Nests in utility poles have led to five blackouts in the past two years, according to Mikoto Odagiri, an official of the Tokyo Electric Power Co. Linemen arrive to find a roasted crow beneath the shorted lines. The company has tried a variety of umbrella-like devices and obstructing wires to discourage crows. "They all turned out not to work," Odagiri said. "The crows are too smart. Maybe smarter than the power company."
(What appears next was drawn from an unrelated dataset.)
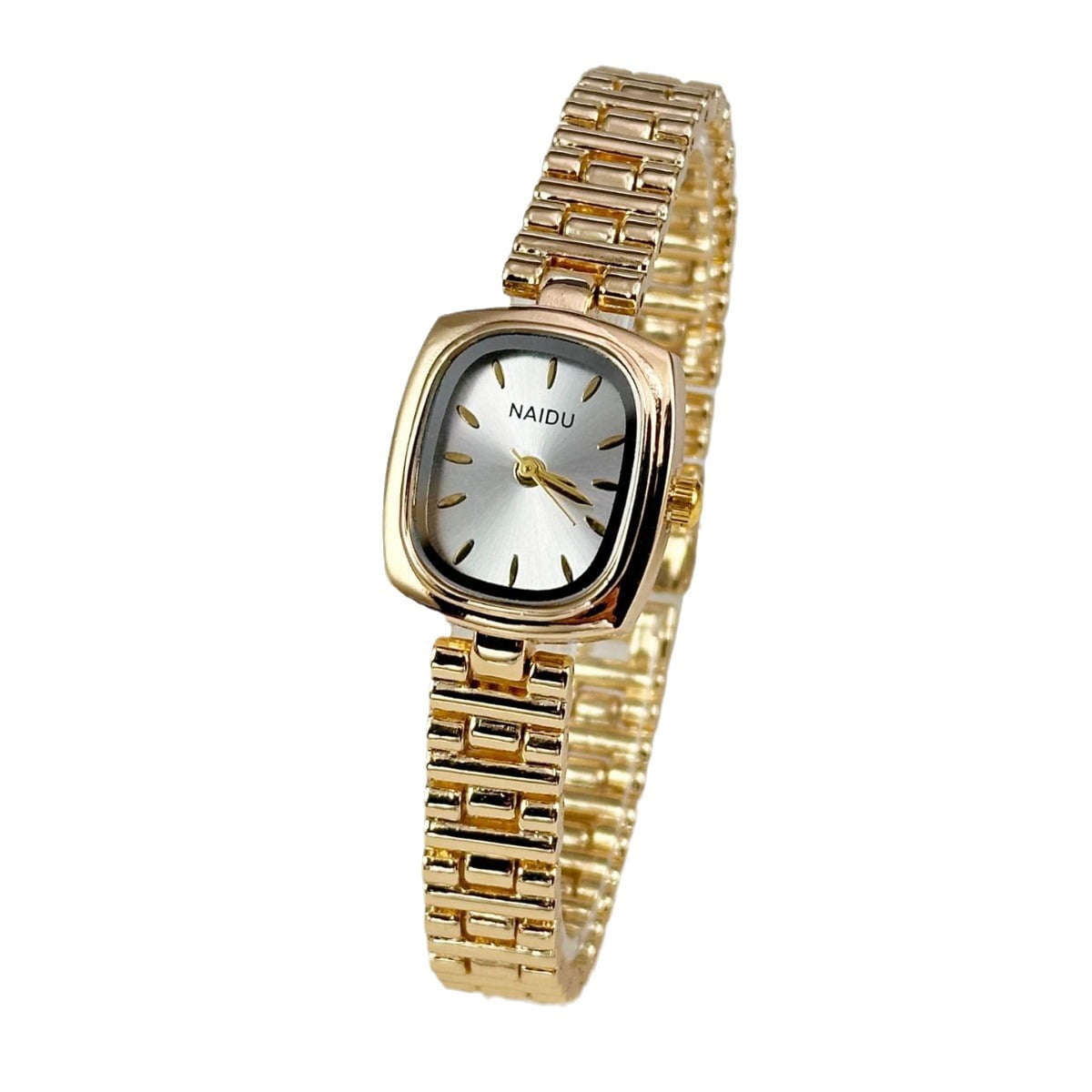 Vintage Small Gold Watch for Women Quartz Fashion Niche Hot Style — free download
"Crows have huge forebrains in comparison with other birds," said Shigeru Watanabe, a psychologist who oversaw experiments at Keio University in Tokyo to see if crows recognized people. "They are smarter than pigeons but dumber than us." That sometimes seems debatable. The crow explosion has occurred because impeccable Tokyo puts its garbage out in peckable plastic bags each night, and cannot seem to figure out that garbage dumpsters or cans would keep out the crows. When recycling started here in 1992, requiring separation of different kinds of trash, the government insisted people use relatively transparent bags. So on garbage collection day, rows of clear vinyl bags offer crows a smorgasbord. The crows prefer bags that seem to contain wet or pinkish contents, promising a treat for the flesh-loving scavengers. Before the garbage collectors arrive, the birds have pecked through and strewn the garbage across the street. "It's really more a problem of what humans do than what crows do," said Momosawa.
So, too, the noise problem is partly a self-inflicted injury by humans. Complaints about crows rocketed to 1,298 last year from 511 the year before, partly because the increase in the crow population means so many more crows are living close to people. And crows greet the sunrise with a raucous hello, a din that drives people out of bed. Since Japan stubbornly refuses to adopt daylight savings time, the deafening noise starts at 4:30 a.m., rather than a slightly more civilized hour. Is that the sound of crows laughing through their beaks?
Even the attacks during nesting season can be partly blamed on the linguistic shortcomings of the victims, said Michio Matsuda, an ornithologist and author of "Why Crows Attack." If more people talked crow, he said, there would be fewer such incidents. "There's a lack of communication here," Matsuda said. "Crows send many signals. When the salaryman going to work or the mother with a baby goes under a tree with a nest, the crows give nasty cries to say, 'Please leave our living circle.' But city people miss the sign. It's a problem for the crows. They are perplexed, and they send more signals that are ignored. The only thing they can do is be more aggressive."